### Data shown:

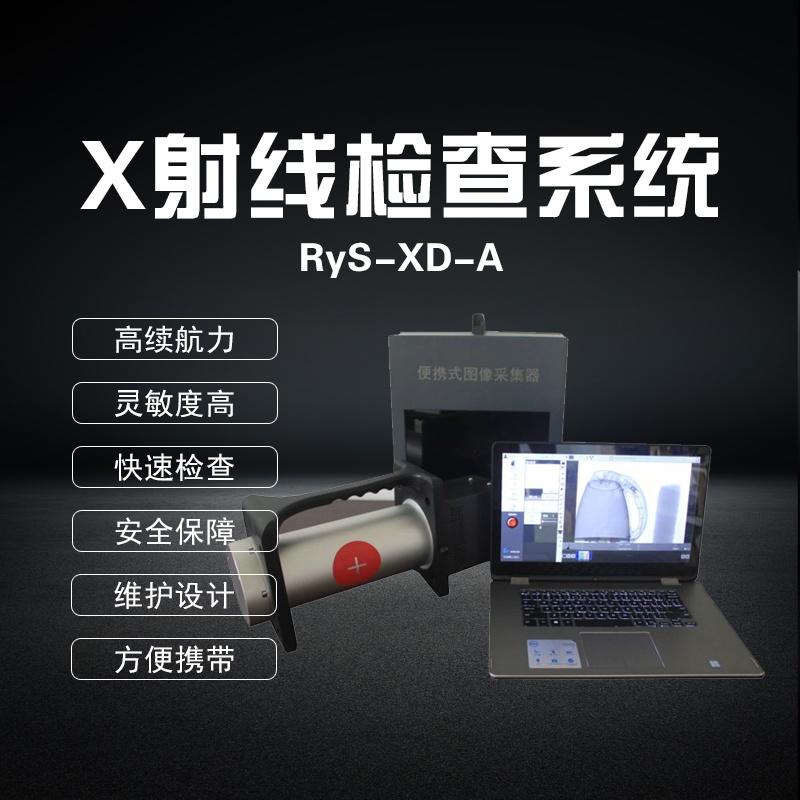 RyS-XD-A便携式X射线检查系统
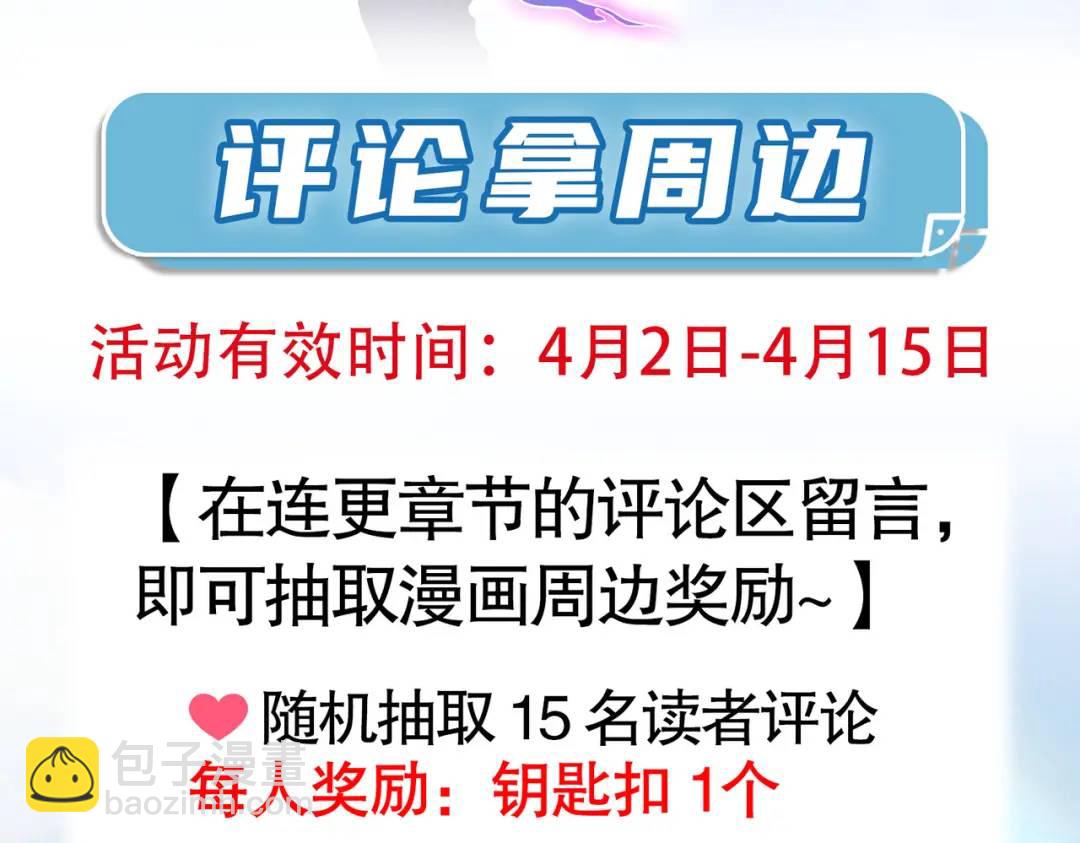 第30话 林缺的无敌杀戮206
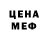 КЕТАМИН VHQ Olga Pec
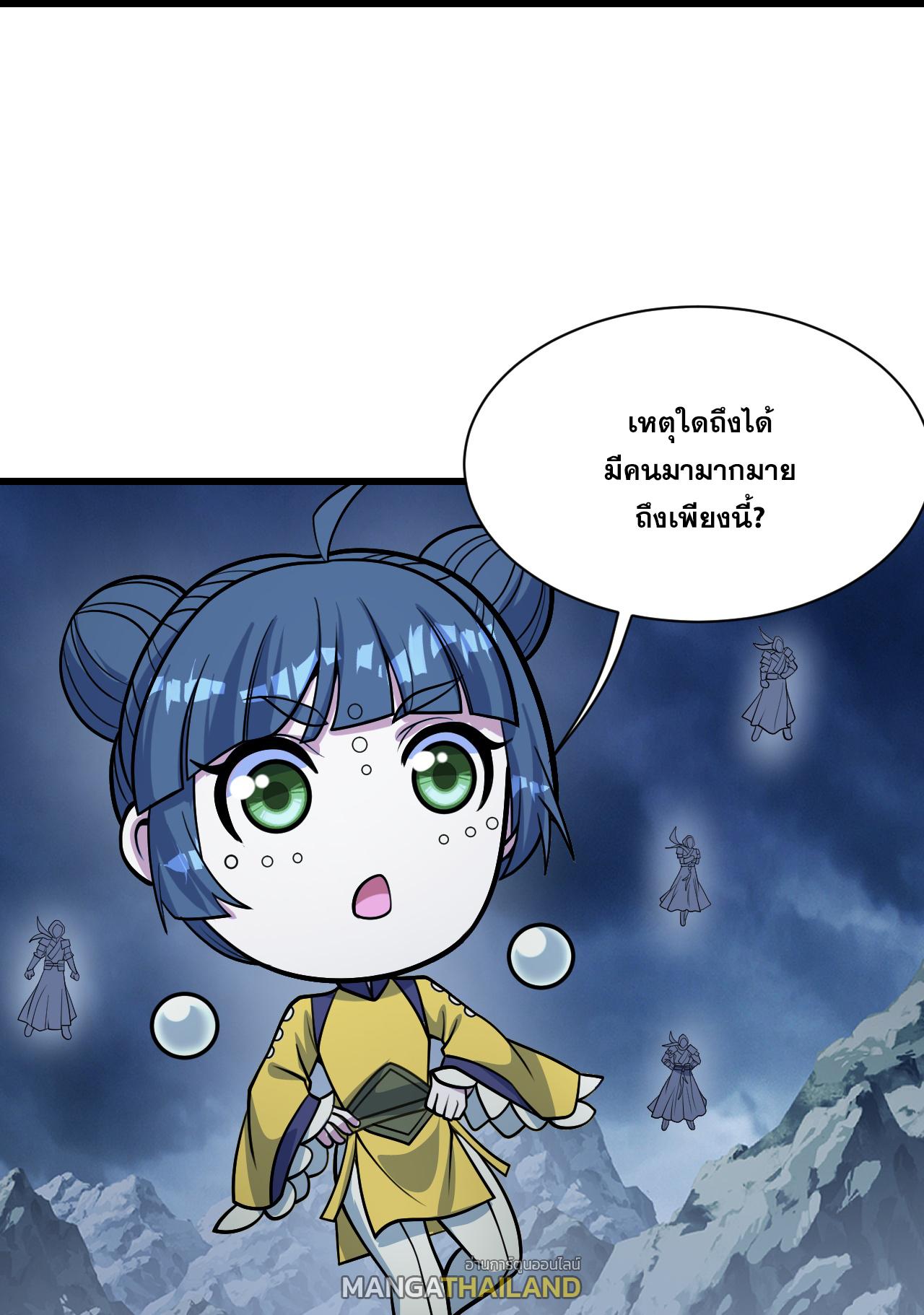 Matchless Emperor ตอนที่ 390 แปลไทย รูปที่ 20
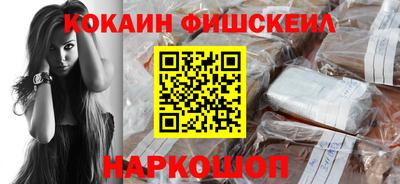бутират Анжеро-Судженск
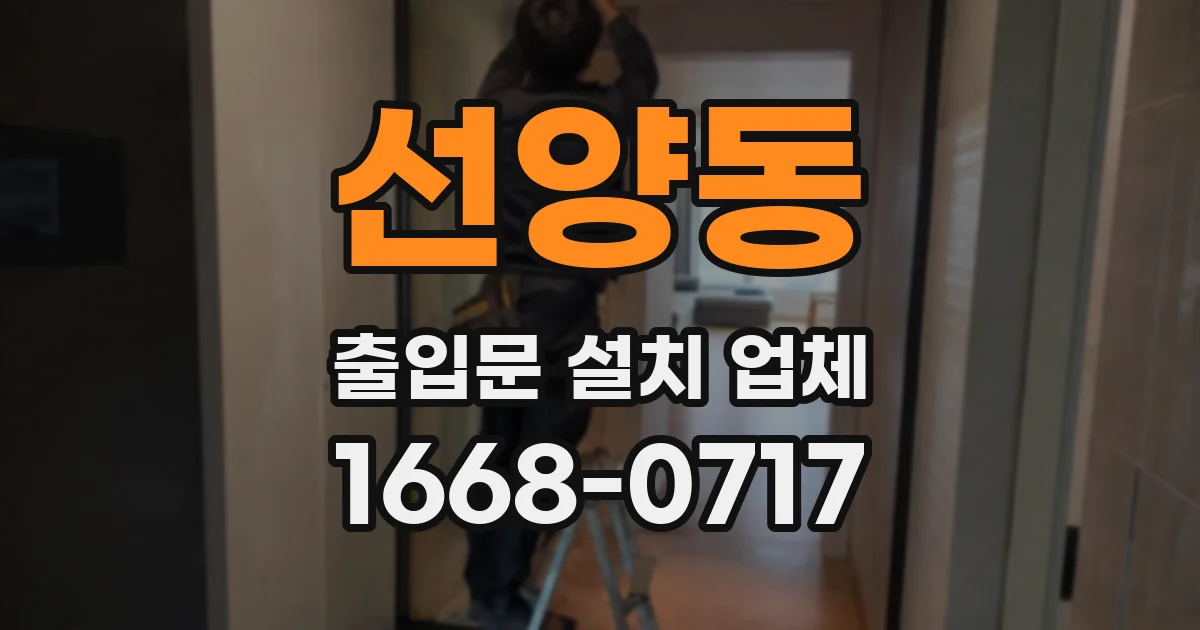 선양동 출입문 설치 업체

### Work required:
Your task is to set down each line above verbatim while excluding the pictures.

### Answer to the problem:
 RyS-XD-A便携式X射线检查系统
 第30话 林缺的无敌杀戮206
 КЕТАМИН VHQ Olga Pec
 Matchless Emperor ตอนที่ 390 แปลไทย รูปที่ 20
бутират Анжеро-Судженск
 선양동 출입문 설치 업체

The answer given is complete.